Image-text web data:
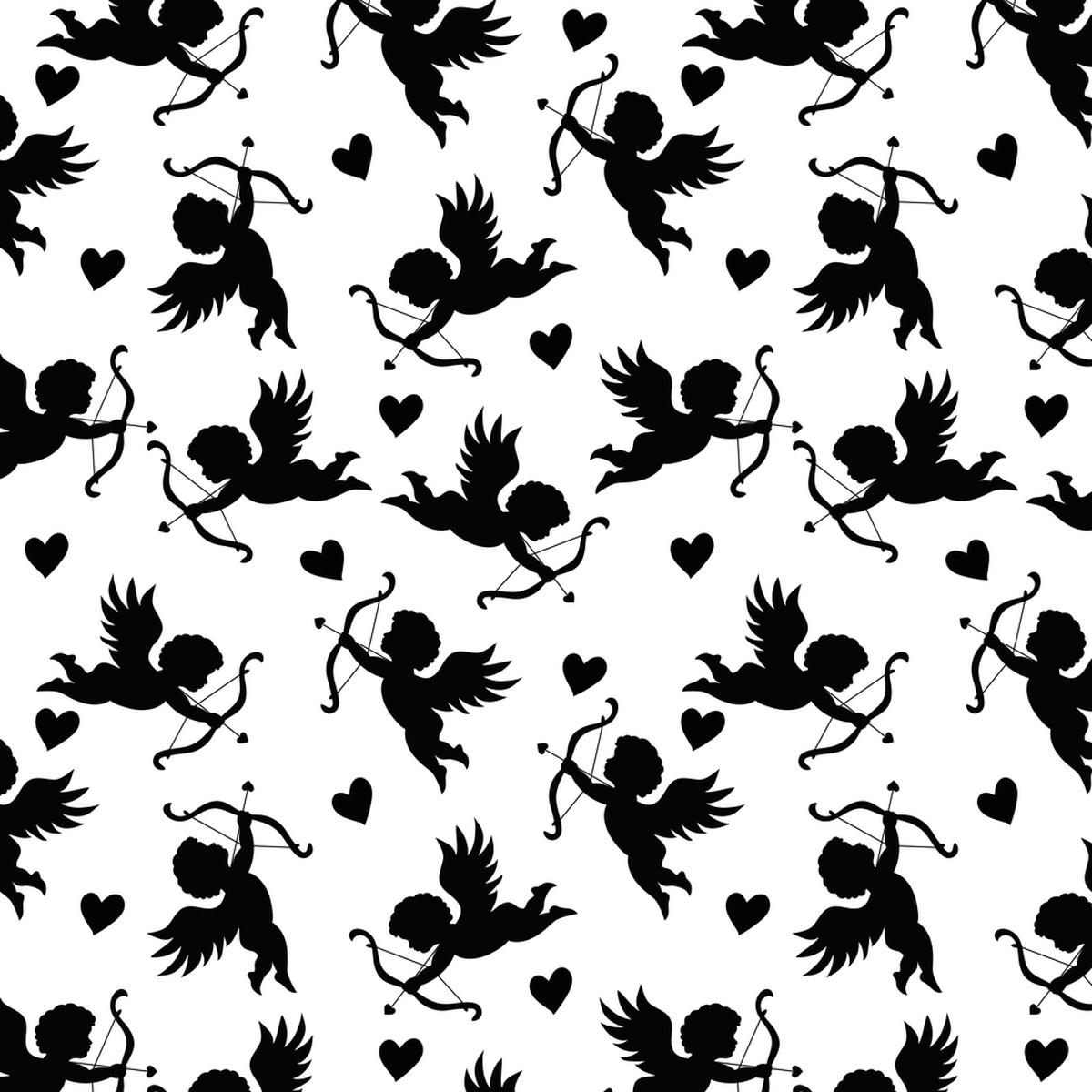 Cupid Silhouette Hearts Fabric - Variation 1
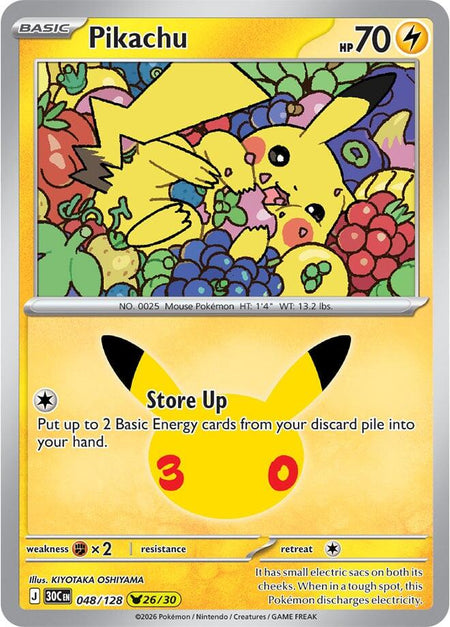 Pikachu #048/128 HOLO Pikachu Rare - 30th Celebration Mega Evolution Pokemon 2026
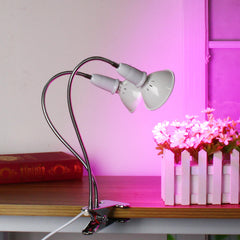 30CM Adjustable Dual Head Clip Lampholder with On/Off Switch for E27 LED Grow Light Bulb Adapter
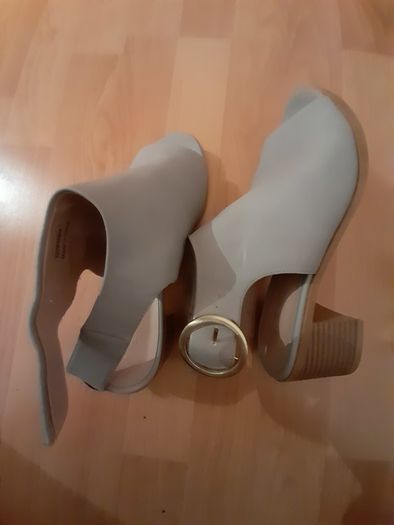 Wide fit open toe light blue boot
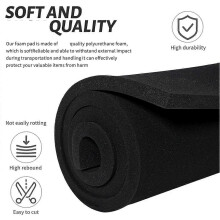 Polyurethan-Schaumstoffplatten, 40 x 30 x 2,5 cm schneidbarer Schaumstoff-Einsatz für Werkzeugkasten, Kamera, stoßfeste Polsterung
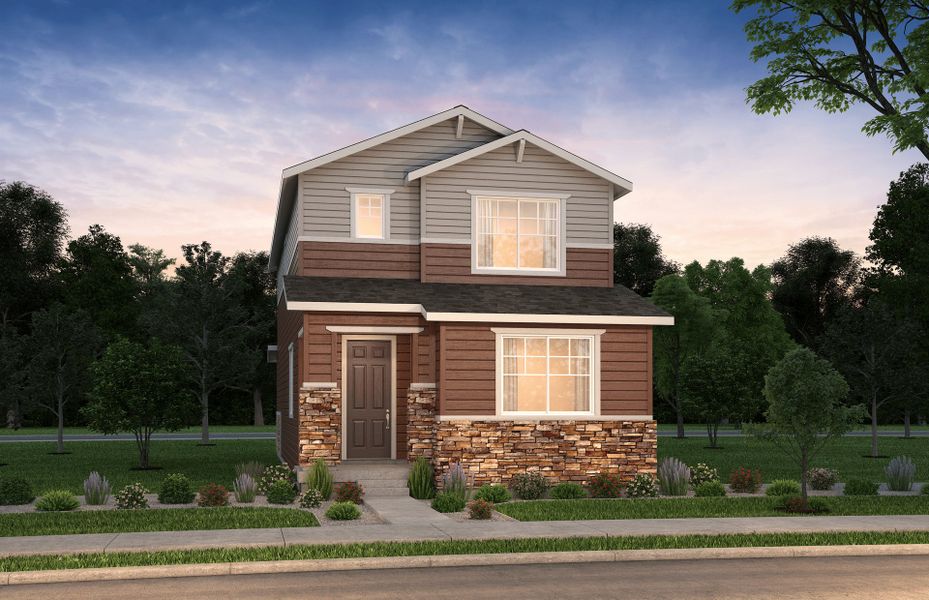 Front exterior of a home in the Painted Prairie community, located in Aurora, CO (Image 16).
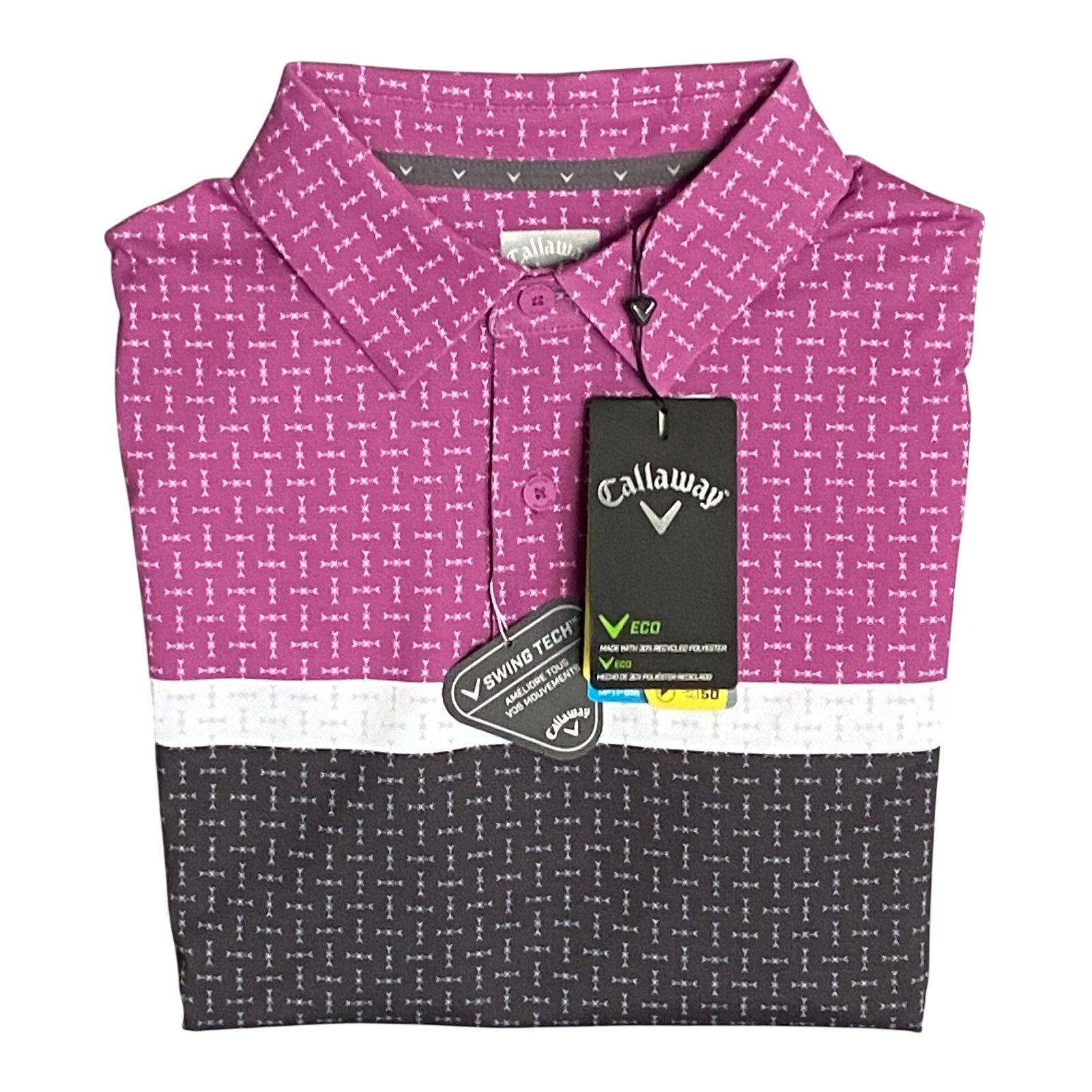 Callaway Polo Shirt Men's Small Swing Tech Short Sleeve UPF 50 Purple Orchid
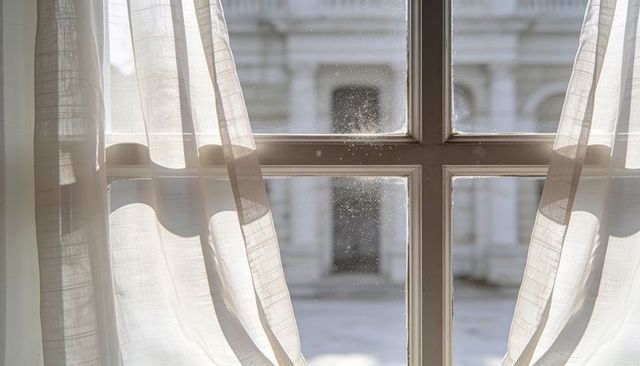 Sunlight streaming through muntined window with sheer linen curtains and dust motes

WHAT TO WORK ON: What is needed is an exact transcription of the lines from the one holding "Callaway Polo Shirt" to the end of the data, with every picture left out.

WRITTEN ANSWER:
 Callaway Polo Shirt Men's Small Swing Tech Short Sleeve UPF 50 Purple Orchid
 Sunlight streaming through muntined window with sheer linen curtains and dust motes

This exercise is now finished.